The plaza will add pedestrian space and create a permanent home for vendors and a farmers market. Image: DOT/DDC

The plaza will add pedestrian space and create a permanent home for vendors and a farmers market. Image: DOT/DDC

The city broke ground this morning on a new plaza in Washington Heights set to open early next year. The project will transform an extra-wide asphalt block into a permanent public space hosting vendors and a farmers market.

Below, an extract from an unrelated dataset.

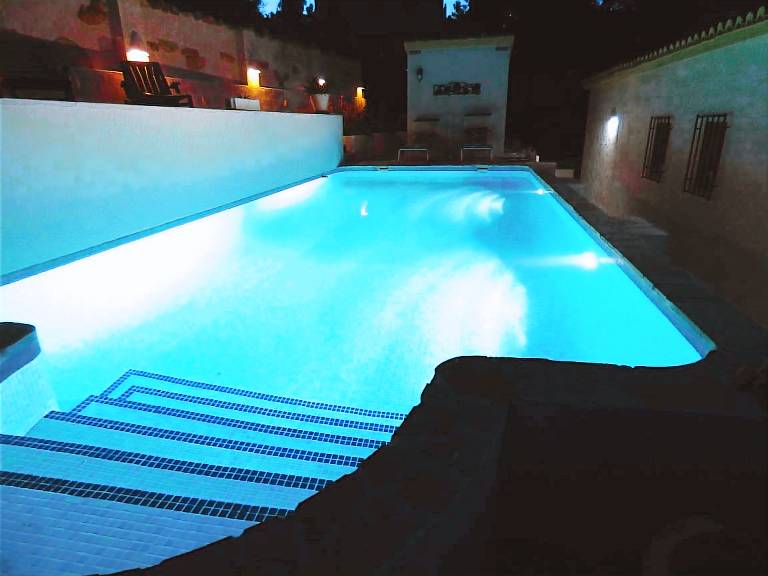 Villa Benisa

Officials break ground on a new pedestrian plaza on 175th Street in Washington Heights this morning. Photo: DOT/Flickr

Officials break ground on a new plaza on 175th Street in Washington Heights this morning. Photo: DOT/Flickr

Plaza de Las Americas is located on 175th Street between Broadway and Wadsworth Avenue. The project, which was selected in the first round of the plaza program in 2008, is sponsored by the Washington Heights and Inwood Development Corporation. Construction is funded by $5 million from the city’s budget.

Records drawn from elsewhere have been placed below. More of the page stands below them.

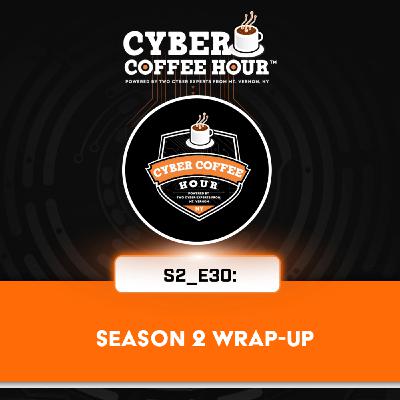 CCH Season 2 Wrap-Up Episode! CCH Season 2 Wrap-Up Episode!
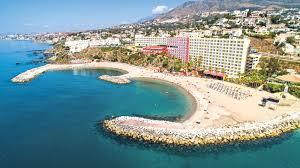 Playa Bonita Beach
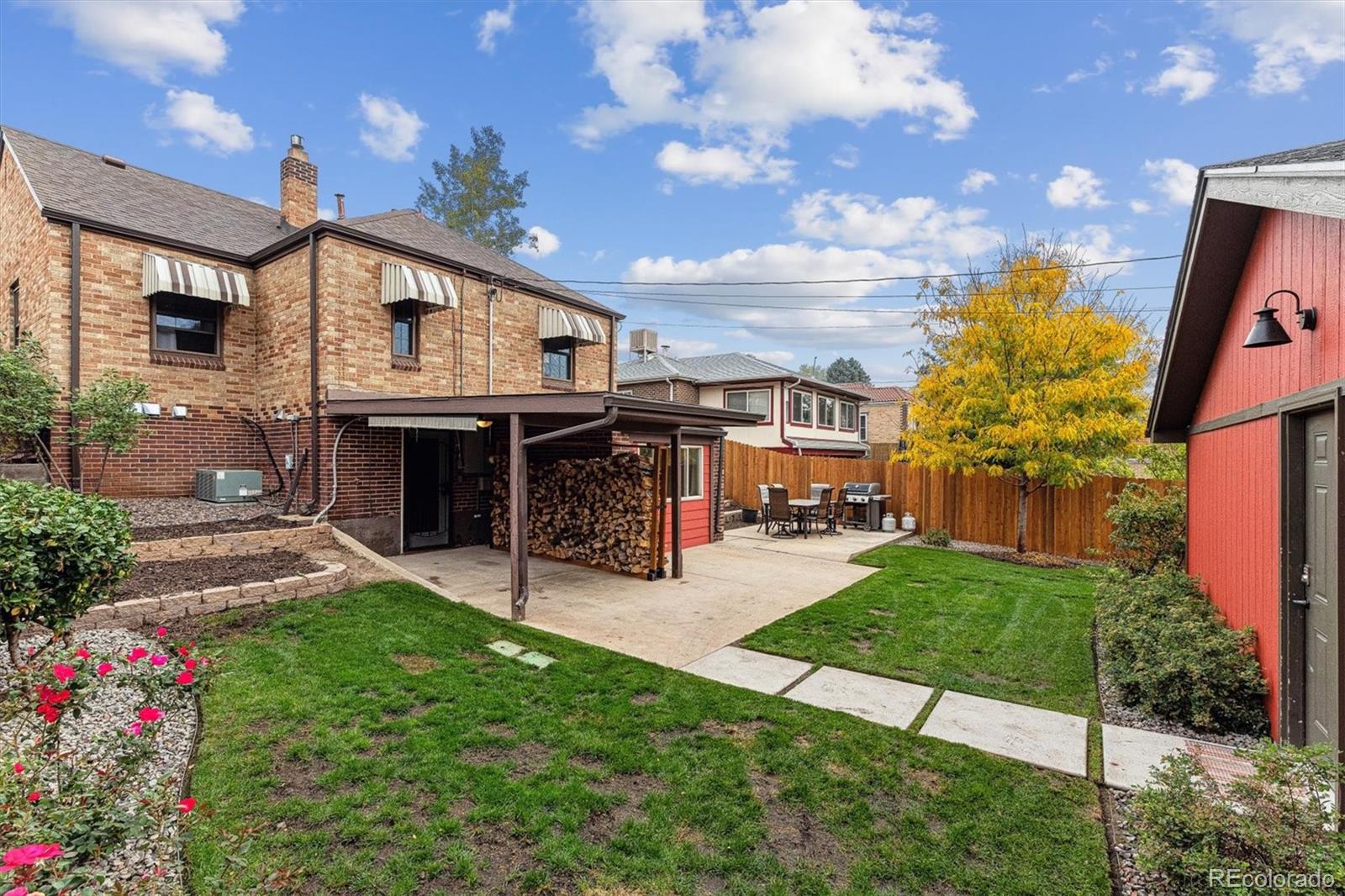 MLS Image #34 for 4710 w 32nd avenue,denver, Colorado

The 14,000 square foot space, between a supermarket and a historic theater, has been used by a farmers market since 1980 and a vendors market since 1994. The new plaza will give vendors access to electricity and water for the first time. The plaza will also feature trees, lighting, benches, tables, chairs, and a fountain by artist Ester Partegás, according to a DOT press release. The paving materials and patterns aim to evoke the plazas of Latin America and the Caribbean.

The project will also likely have traffic safety benefits: Since 2009, four motor vehicle occupants, five pedestrians, and one cyclist have been injured at Broadway and 175th, according to DOT data. The city has identified Broadway as a Vision Zero priority corridor.

“La Plaza de Las Americas will not only give our street vendors a beautiful, tree-lined venue to sell,” Council Member Ydanis Rodriguez said in the release, “but also our neighborhood a new focal point.”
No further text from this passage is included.